# Modernize a Graham's Dynabow



## Stevenordy (Dec 4, 2009)

Friends,
This last year, I had a less than successful time hunting with a Darton Impulse. (Something about the lower cable coming loose and wrapping around the axle). I want to modernize my Graham's Dynabow, however, after researching a bit on the web, I leary due to the comments some have made. After installation of new strings, I'd like to install a peep sight, loop and use a shooting release (the release is the thing that gives me a problem, since reading that you shouldn't do it). I can't see how using a release would give the bow any problems, if the correctly weighted arrows are used. How did they test these bows anyway? I would assume they use a machine to get the 140,000 fires that I saw reported in an article. It's been a long time since I had this bow set up. What would the correct arrows be for a 62# Dynabow anyway. This thing pulls so smoothly, and I recall it shooting quite accurately. I'd hate to damage a nice piece of history, so, any help would be greatly appreciated.
Thanks-
Stevenordy


----------



## imprndbutrfly (Dec 6, 2009)

*Dynabow*

Hi Stevenordy, I too have a dynabow and just goggled info on how to restore mine as well. But my is in bad shape! Well, Really it is in good condition minus the top limb (I think)? It has seemed to have warped? Everything looks o.k. but if I fire it the string comes of and it almost explodes in my hands!!! A limb must be doing something funny because the cam is good. Do you know how I would fix this? Or do you have a extra pair of limbs for a dynabow (fat chance...I know..lol) or do you know if someone makes aftermarket limbs?
Any help would be awesome (from anyone)


(831)238-3857 Ask for IB


----------



## Stevenordy (Dec 4, 2009)

*Peep sight, loop and mechanical release for a Dynabow*

IB,
Thanks for your reply. Unfortunately, I don't have any extra limbs or have any info on their manufacture. It sounds like your Dynabo is definitely in rougher shape then mine. Good luck with that. I just wish someone with a little background could give us a little advice.

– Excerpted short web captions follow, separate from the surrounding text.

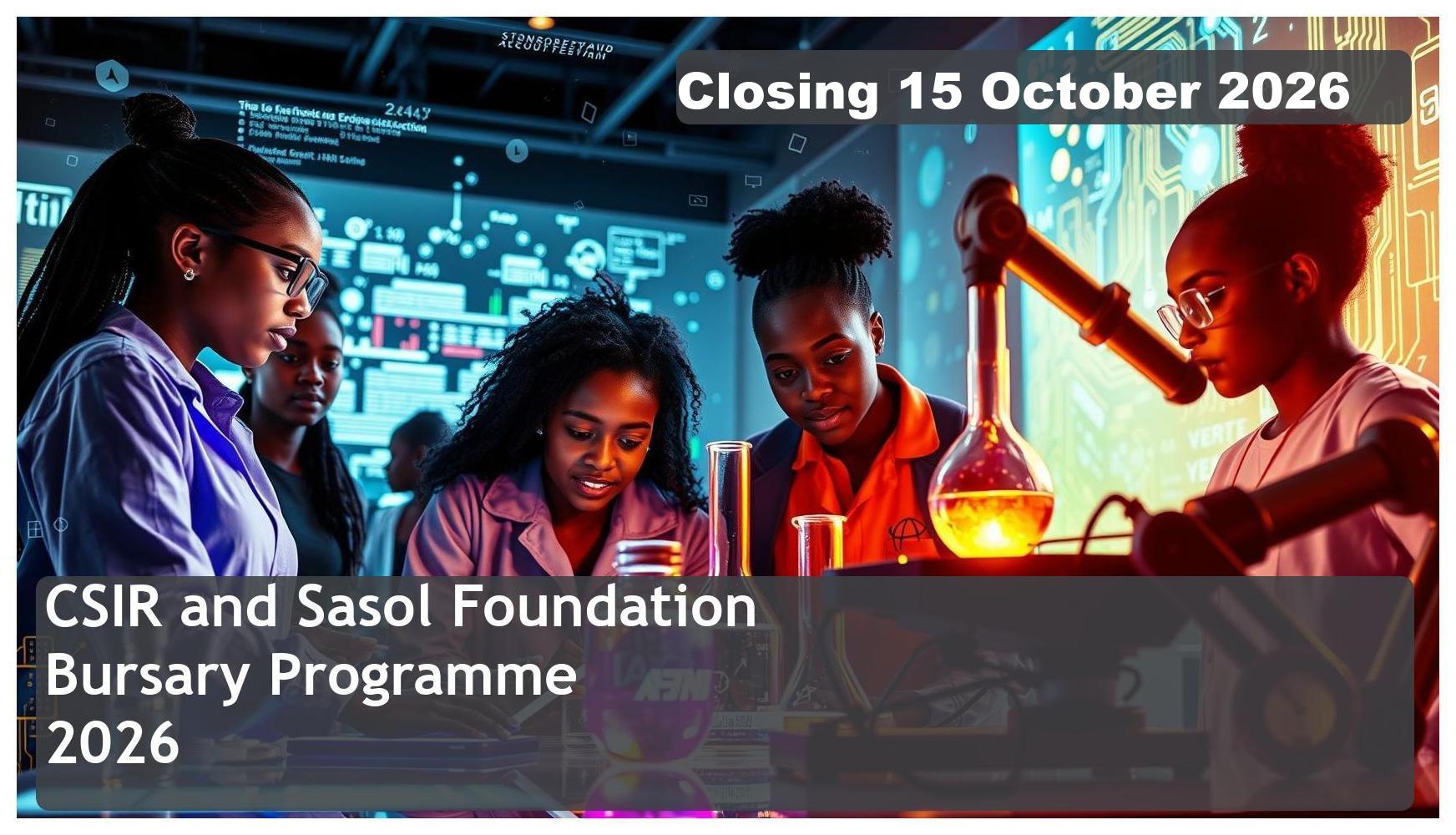 CSIR-Sasol Foundation Bursary 2026 – Closing Date: 29 August 2025 – Apply Now!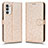 Custodia Portafoglio In Pelle Cover con Supporto C01X per Motorola Moto G82 5G Oro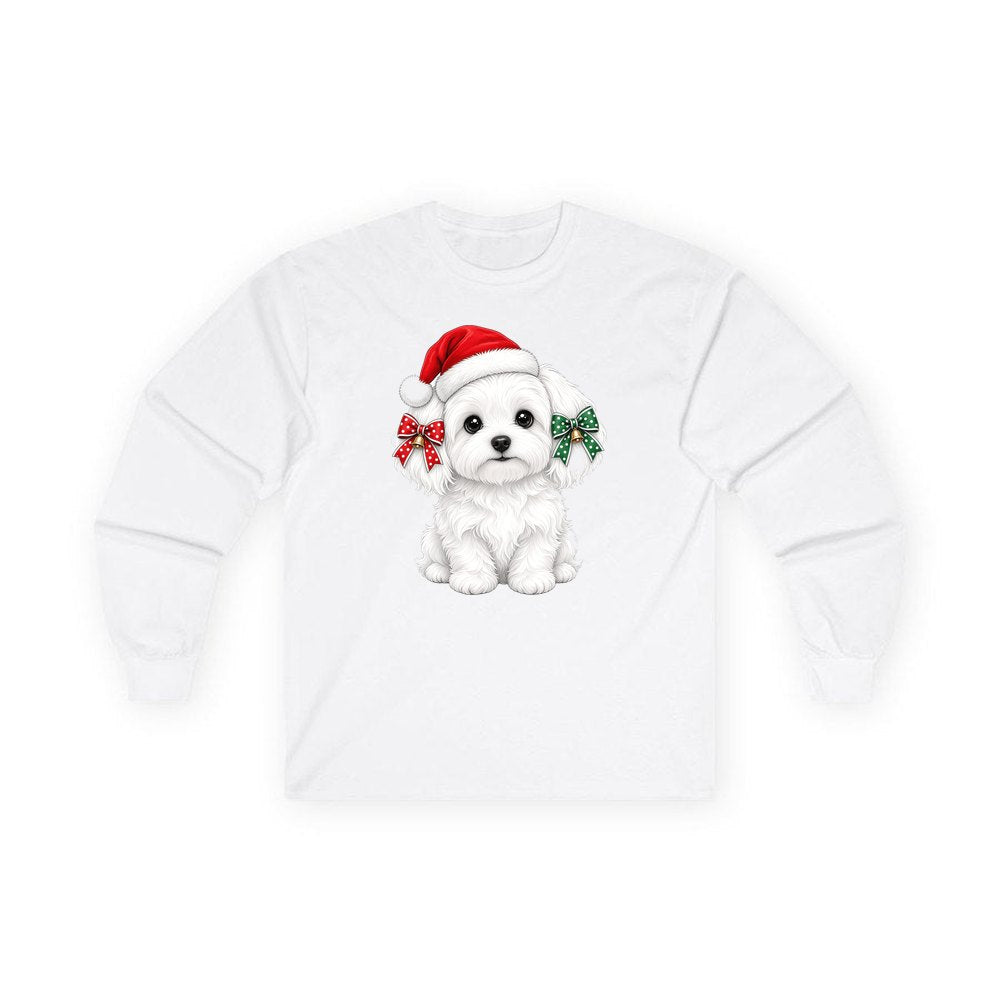 Maltese personalised long sleeve Christmas T-shirt in white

Thanks again for your inquiry.

Stevenordy


----------



## huntinghippie (Dec 31, 2002)

I answered your post here.... LOL

http://www.archerytalk.com/vb/showthread.php?t=1077950


----------



## johnnybravoo77 (Nov 2, 2008)

Shouldnt have any trouble with having a peep installed. When shooting with fingers the arrow will flex left to right. The arrow essentially flexs around the riser (archers paradox) when shot. With a loop and release the arrow wants to flex up and down, not side to side, thus not clearing the riser when shot. Hopefully a young man called archeryhistory will chime in on your old dynabo. If you could, post a few pics I would love to see it. Heres a couple of links for ya. - John

http://en.wikipedia.org/wiki/Archer's_paradox


http://www.archeryhistory.com/compounds/compounds.htm




PS. Post any info you guys got on your bows (pics always help) and I would gladly dig up some info for ya.


----------



## johnnybravoo77 (Nov 2, 2008)

I see hippie is having luck using a release, so maybe you'll be alright.


----------



## Stevenordy (Dec 4, 2009)

*Dynabow modernization and Pic*

Johnnybravoo 77,
Thanks for the reply with links. I know that I'll have to spend some time with a bare arrow and paper to tune this thing up, with all the changes. I've temporarily mounted another arrow rest that may help with some of the paradox effect. The stock one was a black plastic thingee. For a while I even had a berger button threaded in (scared a nice buck on me).  Now, I've got to measure up for new strings. I just don't want to break such a nice piece of History. Check out the pic. My custom camo job doesn't look too bad, but, if I had known it would be so unique, I surely wouldn't have done it. Even way back when this bow was new, it was always about having a successful Hunt! 

Thanks-
Stevenordy


----------



## huntinghippie (Dec 31, 2002)

I actually shoot my dynabo with fingers but a friend had one setup with a release. Just took a lilttle while for tuning but that's to be expected. I agree as well that archeryhistory will have more specific info on the dynabo. Like I said though, look on archeryhistory.com under compounds and then under one cam bows. I think the whole section is dynabo's.


----------



## fuelracerpat (May 6, 2008)

I have a couple of top limbs for a Martin-Jim Cox Dynabo.....don't remember exactly which ones, one was quite heavy (80#) I think. Don't know if they will fit the Graham bow.


----------



## mcjitsu (Feb 14, 2010)

*Dynabo*

Aloha, I am new on the list. A former Dynabo enthusiast here in Hawaii.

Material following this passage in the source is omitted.